“Let me show you something and then I’ll take you to your mother.”

He let go of Li’s arm and then pulled the matchbook from his pocket. He handed it over. Li looked at it with no surprise.

“What about it? We used to give these away until the economy went bad and we couldn’t afford the extras.”

Bosch took the matchbook back and nodded.

“I got it in your father’s store twelve years ago,” he said. “I guess you were about fourteen years old then. We almost had a riot in this city. Happened right here. This intersection.”

“I remember. They looted the store and beat up my father. He should have never reopened here. My mother and me, we told him to open the store up in the Valley but he wouldn’t listen to us. He wasn’t going to let anybody drive him out and now look what happened.”

He gestured helplessly toward the front of the store.

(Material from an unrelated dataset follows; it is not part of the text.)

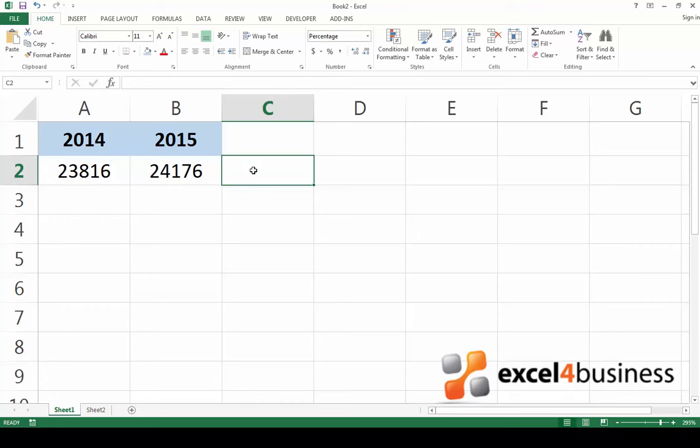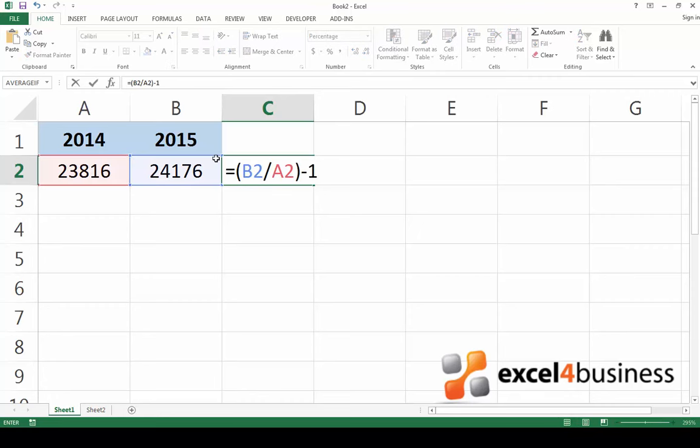Go back to the cell and type the following formula. As you can see, we'll divide the number of articles sold in the second year by the number of articles sold in the first year, and then subtract one.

“Yeah, well, I was here that night, too,” Bosch said. “Twelve years ago. A riot started but it ended pretty quick. Right here. One casualty.”

“A cop. I know. They pulled him right out of his car.”

“I was in that car with him but they didn’t get to me. And when I got to this spot I was safe. I needed a smoke and I went into your father’s store. He was there behind the counter but the looters had taken every last pack of cigarettes in the place.”

Bosch held up the book of matches.

“I found plenty of matches but no cigarettes. And then your father reached into his pocket and pulled out his own. He had one last smoke left and he gave it to me.”

Bosch nodded. That was the story. That was it.

“I didn’t know your father, Robert. But I’m going to find the person who killed him. That’s a promise I’ll keep.”

Robert Li nodded and looked down at the ground.

“Okay,” Bosch said. “Let’s go see your mother now.”